С литовским коллегой – актером Регимаитасом Адомайтисом
Снорклинг – одно из моих хобби
– Знаете, Ивар, какой вопрос меня мучает: а артисты вообще люди? Иногда кажется, что это инопланетяне, настолько загадочно себя ведут. Обидчивы как дети. Суеверны до ужаса: некоторые, например, отказываются играть роль, в которой его герой умирает. А главное – актеры частенько путают жизнь со сценой и продолжают играть даже тогда, когда спектакль закончен…
– Да, такое иногда случается. Правда, у меня с этим все в порядке. Я стараюсь не путать жизнь и роли – у меня нет этого дурдома в голове. Что же касается обидчивости, то у актеров просто более обострены чувства, эти люди более открыты и уязвимы для переживаний. Так что в этом смысле что-то от инопланетян в актерах определенно есть (улыбается). А актерских примет не так уж много: например, сесть на роль, если она упала. Все они безобидные. Лично я не боюсь играть смерть на сцене. Ведь это такое же естественное состояние человеческого бытия, как любовь или ненависть.

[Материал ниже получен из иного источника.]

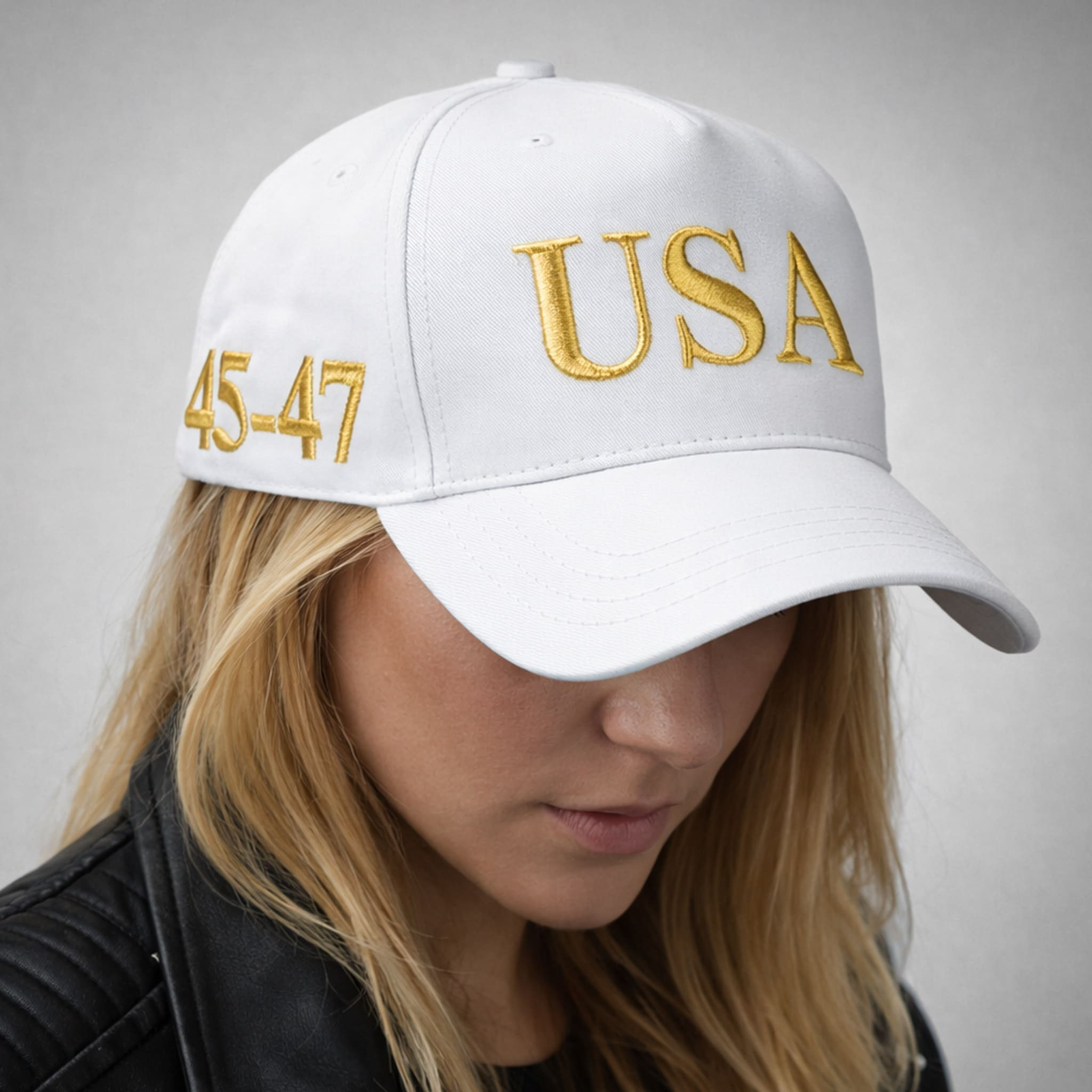 Trump USA 45 47 Baseball Hat MAGA Patriotic Cap Support Trump Fan Gear Best Gift For Republican Fans Trump USA 45 47 Baseball Hat MAGA Patriotic Cap Support Trump Fan Gear Best Gift For Republican Fans - Image 1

– Проработав столько лет в профессии, вы можете признать, что актёры – самые зависимые люди на свете? Вся жизнь проходит в суете: заметят – не заметят, пригласят на роль – не пригласят…

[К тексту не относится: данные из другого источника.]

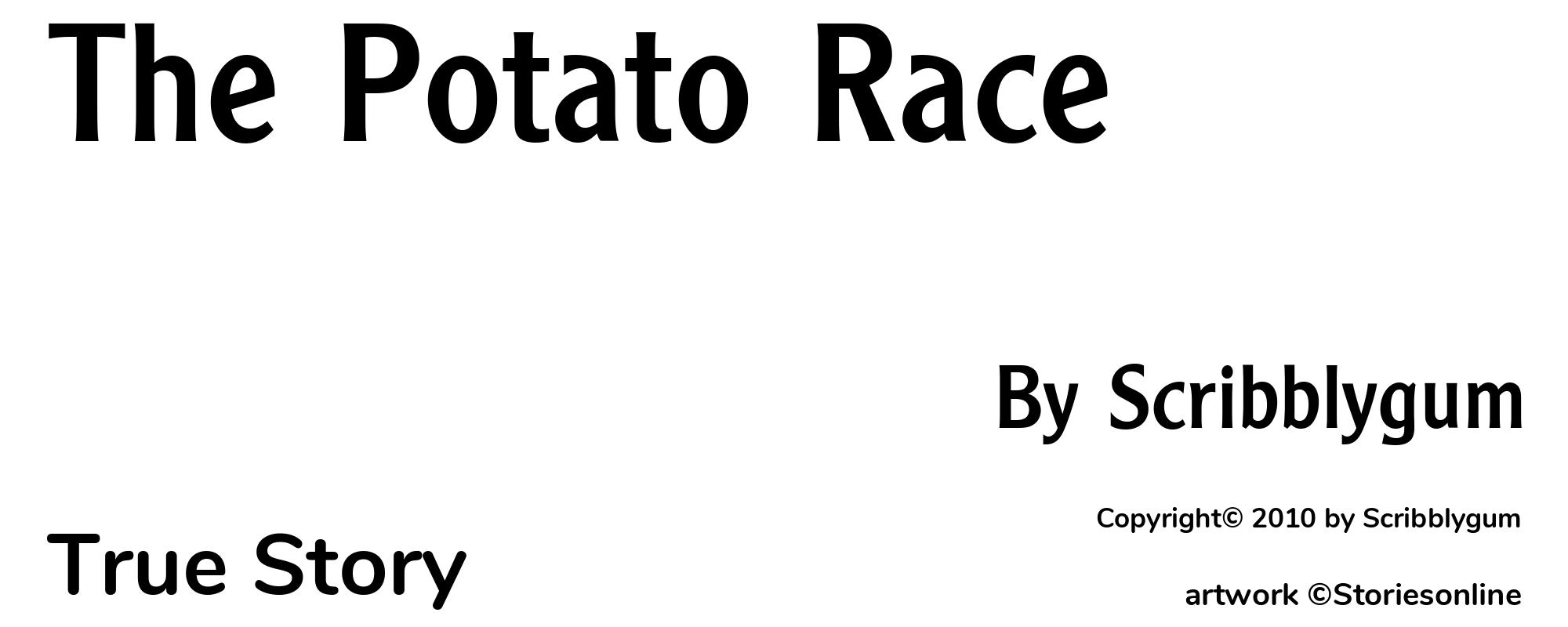 The Potato Race - Cover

– Знаете, я так не считаю. Не заметят, не пригласят? Что ж… У меня тоже были моменты, когда не приглашали, и ничего – выжил. Такие периоды даются артисту для того, чтобы мобилизоваться, подумать, как жить дальше, и, возможно, организовать что-то своё. В периоды простоя, например, организовать новый проект, найти для него деньги или вложить свои. Всё зависит от цели и от отношения к жизни.
По-моему, по части зависимости пальма первенства у режиссёра. Он зависит от обстоятельств гораздо больше, нежели артист, поскольку самовыражается через актёров, и отвечает за качество работы головой. Над ним властвует продюсер, который кричит: «Почему ты истратил столько денег, а снял г…?» От него требуют рейтингов, удачного проката, восторженных рецензий, и чтобы каждая вложенная копейка была отбита… А я – что? Если даже плохо сыграл, то всегда могу переиграть. Так разве я зависим? Я свободен!
– Однако многие знаменитые актёры подались в режиссуру и теперь снимают своё кино. Вам не хотелось бы попробовать себя в этой ипостаси?
– Нет, не хотелось бы. Никто из моих коллег, променяв актёрство на режиссёрский хлеб, увы, так и не стал Феллини. Как говорил Булгаков – «каждое ведомство должно заниматься своим делом». Вот я и занимаюсь. В режиссёре должно быть что-то от рабовладельца, а у меня совсем другой характер…
В Кабо-Верде. На родине Сезарии Эворы
МИРОСЛАВА КАРПОВИЧ:
«Он жутко обаятельный! Не каждый мужчина в таком возрасте может так дурачиться! Ивара очень тепло принимает зритель, ему всегда хлопают, и он достоин самых ураганных аплодисментов. Ивар очень импонирует мне тем, что не боится показаться смешным, и, глядя на своего партнера, я тоже могу гримасничать и дурачиться на сцене так же, как он».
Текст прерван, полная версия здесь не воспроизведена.